[Entries taken from a collection]
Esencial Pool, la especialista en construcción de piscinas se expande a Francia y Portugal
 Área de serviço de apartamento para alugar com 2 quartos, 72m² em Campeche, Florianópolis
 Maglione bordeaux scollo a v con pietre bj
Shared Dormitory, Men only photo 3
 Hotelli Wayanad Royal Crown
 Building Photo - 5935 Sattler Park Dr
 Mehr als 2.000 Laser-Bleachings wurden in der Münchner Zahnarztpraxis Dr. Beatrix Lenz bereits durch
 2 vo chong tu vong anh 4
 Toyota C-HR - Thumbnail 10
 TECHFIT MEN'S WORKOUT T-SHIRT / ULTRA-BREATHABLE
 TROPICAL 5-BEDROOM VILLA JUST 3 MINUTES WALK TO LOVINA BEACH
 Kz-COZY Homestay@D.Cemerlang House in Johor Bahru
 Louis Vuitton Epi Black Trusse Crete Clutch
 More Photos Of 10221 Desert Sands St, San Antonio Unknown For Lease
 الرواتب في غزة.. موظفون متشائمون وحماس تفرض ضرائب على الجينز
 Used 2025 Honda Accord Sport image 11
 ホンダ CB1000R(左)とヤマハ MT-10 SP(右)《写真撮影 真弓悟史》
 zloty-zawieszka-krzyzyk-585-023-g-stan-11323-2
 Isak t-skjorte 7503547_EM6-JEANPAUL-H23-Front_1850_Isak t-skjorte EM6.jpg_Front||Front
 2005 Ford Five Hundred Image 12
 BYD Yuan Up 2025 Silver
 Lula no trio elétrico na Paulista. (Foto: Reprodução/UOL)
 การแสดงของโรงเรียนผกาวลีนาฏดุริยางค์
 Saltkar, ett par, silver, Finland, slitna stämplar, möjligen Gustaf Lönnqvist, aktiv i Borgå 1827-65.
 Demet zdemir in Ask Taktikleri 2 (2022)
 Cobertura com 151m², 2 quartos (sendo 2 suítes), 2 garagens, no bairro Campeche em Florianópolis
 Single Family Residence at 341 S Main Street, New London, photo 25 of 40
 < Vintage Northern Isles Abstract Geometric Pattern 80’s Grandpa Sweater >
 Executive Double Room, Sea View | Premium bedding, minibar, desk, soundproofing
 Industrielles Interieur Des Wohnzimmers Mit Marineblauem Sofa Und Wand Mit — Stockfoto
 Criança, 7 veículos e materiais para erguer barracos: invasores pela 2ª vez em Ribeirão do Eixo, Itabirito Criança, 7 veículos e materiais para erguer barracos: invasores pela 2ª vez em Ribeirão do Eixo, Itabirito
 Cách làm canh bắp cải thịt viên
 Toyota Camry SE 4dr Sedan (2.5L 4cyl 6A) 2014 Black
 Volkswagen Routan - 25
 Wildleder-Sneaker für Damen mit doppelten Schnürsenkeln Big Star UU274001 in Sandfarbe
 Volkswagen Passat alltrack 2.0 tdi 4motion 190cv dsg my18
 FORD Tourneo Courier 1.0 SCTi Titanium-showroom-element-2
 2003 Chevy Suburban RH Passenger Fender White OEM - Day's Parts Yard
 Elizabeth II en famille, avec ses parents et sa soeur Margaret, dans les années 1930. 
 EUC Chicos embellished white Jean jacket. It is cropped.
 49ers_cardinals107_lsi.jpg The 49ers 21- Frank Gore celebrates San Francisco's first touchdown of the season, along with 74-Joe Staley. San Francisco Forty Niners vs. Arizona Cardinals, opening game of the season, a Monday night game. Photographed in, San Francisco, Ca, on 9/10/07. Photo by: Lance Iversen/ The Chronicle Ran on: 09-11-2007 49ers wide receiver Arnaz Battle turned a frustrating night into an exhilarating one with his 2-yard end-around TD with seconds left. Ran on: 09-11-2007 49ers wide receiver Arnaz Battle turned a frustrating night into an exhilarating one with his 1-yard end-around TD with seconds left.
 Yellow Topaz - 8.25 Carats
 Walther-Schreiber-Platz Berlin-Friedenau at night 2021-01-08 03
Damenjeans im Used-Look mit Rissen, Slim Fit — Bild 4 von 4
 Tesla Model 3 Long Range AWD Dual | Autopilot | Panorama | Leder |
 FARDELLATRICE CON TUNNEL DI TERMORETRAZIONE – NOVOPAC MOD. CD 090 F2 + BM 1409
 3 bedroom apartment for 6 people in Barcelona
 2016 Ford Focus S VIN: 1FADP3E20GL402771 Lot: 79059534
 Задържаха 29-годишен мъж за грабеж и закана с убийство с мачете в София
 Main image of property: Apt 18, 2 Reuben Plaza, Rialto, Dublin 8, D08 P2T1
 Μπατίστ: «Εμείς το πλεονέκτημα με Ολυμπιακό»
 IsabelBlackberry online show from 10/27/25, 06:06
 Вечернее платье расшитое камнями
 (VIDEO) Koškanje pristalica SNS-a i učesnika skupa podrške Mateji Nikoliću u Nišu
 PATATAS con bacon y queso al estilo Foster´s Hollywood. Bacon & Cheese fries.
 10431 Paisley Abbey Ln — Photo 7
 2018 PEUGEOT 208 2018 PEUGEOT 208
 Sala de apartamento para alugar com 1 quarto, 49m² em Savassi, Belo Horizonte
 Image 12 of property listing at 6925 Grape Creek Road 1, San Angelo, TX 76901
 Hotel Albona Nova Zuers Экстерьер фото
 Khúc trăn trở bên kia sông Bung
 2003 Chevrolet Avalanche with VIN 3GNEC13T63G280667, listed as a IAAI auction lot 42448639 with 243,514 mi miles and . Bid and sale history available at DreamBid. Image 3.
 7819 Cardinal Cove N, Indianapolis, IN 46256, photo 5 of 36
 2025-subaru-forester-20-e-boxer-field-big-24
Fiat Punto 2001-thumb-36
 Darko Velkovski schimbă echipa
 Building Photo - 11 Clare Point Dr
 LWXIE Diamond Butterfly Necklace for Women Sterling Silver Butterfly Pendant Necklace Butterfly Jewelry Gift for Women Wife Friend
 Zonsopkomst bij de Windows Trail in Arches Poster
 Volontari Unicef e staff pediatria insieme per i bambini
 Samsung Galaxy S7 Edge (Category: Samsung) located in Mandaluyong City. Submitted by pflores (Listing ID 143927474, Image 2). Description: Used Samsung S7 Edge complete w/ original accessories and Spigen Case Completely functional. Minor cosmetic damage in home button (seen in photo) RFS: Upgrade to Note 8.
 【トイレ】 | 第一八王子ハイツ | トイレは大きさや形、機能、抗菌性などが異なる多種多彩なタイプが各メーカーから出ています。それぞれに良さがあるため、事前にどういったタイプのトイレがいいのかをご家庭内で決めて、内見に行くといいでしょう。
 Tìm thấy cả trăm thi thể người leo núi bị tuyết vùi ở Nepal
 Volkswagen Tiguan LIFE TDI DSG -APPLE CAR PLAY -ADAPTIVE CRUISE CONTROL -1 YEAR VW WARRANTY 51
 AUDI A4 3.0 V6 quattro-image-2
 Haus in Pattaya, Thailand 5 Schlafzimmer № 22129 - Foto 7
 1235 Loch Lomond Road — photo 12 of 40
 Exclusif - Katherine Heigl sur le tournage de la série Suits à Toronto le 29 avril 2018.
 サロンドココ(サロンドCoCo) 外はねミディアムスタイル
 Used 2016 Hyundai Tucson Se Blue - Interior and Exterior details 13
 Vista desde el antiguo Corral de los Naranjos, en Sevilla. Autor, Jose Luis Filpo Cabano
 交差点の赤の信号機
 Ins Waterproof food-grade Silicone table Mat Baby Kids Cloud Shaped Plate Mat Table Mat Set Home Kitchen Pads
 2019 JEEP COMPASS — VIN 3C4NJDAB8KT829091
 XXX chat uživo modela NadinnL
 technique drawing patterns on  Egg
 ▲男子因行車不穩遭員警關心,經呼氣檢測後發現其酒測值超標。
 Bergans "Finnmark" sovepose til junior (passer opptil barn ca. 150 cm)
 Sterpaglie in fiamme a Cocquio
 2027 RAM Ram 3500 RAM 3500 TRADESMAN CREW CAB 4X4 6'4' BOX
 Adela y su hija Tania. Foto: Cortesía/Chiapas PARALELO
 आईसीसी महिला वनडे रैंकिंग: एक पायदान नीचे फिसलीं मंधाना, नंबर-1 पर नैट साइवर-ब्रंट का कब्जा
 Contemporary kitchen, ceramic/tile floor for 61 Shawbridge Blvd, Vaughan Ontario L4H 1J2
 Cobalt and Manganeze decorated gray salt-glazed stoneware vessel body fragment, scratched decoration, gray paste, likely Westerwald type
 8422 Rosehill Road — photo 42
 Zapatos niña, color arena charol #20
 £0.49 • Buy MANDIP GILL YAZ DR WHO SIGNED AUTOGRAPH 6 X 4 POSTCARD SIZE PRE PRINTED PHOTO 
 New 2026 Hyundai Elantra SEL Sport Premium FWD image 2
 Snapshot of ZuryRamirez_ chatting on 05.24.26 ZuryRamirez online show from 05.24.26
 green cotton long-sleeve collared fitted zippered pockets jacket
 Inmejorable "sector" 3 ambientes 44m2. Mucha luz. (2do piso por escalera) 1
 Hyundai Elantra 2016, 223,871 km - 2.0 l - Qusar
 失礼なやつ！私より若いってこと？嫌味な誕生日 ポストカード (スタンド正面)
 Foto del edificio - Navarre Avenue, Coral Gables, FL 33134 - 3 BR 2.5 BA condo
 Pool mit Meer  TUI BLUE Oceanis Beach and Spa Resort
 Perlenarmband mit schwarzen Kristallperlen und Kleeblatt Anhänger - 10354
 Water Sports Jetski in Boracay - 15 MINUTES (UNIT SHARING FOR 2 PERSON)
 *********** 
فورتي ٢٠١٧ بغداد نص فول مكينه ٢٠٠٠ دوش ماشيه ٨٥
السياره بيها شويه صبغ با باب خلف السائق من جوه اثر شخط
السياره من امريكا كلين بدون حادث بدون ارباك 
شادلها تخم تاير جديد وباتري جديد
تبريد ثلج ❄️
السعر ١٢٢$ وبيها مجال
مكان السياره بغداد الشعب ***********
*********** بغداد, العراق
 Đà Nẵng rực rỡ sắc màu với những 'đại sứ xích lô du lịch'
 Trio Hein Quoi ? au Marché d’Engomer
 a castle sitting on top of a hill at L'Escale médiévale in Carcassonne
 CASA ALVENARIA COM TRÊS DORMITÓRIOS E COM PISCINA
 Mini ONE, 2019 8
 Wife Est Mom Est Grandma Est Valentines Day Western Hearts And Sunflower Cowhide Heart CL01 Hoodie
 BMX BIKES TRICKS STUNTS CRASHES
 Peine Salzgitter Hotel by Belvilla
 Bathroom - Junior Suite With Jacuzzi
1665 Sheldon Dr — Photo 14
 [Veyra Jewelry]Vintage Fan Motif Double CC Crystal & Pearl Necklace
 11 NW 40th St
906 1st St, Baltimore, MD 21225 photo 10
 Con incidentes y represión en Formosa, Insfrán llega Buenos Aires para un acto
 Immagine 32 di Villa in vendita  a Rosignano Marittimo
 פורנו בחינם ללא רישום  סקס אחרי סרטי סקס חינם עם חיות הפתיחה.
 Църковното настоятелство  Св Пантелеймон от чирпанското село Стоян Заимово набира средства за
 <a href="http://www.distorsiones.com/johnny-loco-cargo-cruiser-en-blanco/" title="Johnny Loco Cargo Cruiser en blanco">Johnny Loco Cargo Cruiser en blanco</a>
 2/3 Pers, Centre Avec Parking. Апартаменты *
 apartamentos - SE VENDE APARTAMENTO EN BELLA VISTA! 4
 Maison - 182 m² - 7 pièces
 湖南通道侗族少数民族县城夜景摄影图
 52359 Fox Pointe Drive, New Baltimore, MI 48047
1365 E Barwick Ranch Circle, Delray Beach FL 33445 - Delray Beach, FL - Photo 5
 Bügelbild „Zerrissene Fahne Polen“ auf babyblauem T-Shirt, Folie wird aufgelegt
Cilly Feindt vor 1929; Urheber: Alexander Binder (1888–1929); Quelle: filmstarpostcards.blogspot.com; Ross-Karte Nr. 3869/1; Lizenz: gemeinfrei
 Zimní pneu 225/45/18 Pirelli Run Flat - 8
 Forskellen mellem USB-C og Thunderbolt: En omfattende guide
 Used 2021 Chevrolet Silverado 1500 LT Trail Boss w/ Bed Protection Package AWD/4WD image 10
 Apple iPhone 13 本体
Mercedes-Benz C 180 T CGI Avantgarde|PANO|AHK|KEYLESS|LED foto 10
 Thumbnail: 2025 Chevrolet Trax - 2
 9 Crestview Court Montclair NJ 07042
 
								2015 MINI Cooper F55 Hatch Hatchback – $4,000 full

**ACTIVITY**
Within the records, filter for lines that contain the word "بغداد" and show each one.

**SOLUTION**
فورتي ٢٠١٧ بغداد نص فول مكينه ٢٠٠٠ دوش ماشيه ٨٥
مكان السياره بغداد الشعب ***********
*********** بغداد, العراق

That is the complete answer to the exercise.